### The problem
The entries below hold a line with "close-up coffee cup." and a line with "Portrait of a pretty young lady". Return those lines and all that lie between them, exactly and only.

### Given entries
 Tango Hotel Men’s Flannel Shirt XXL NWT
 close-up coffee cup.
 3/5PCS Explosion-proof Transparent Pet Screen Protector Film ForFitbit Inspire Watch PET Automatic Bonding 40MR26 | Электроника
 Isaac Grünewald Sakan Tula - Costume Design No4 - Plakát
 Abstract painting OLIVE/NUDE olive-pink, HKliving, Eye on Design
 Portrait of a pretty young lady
* * *
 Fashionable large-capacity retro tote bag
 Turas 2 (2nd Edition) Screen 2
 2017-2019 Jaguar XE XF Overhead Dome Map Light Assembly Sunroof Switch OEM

### Result
 close-up coffee cup.
 3/5PCS Explosion-proof Transparent Pet Screen Protector Film ForFitbit Inspire Watch PET Automatic Bonding 40MR26 | Электроника
 Isaac Grünewald Sakan Tula - Costume Design No4 - Plakát
 Abstract painting OLIVE/NUDE olive-pink, HKliving, Eye on Design
 Portrait of a pretty young lady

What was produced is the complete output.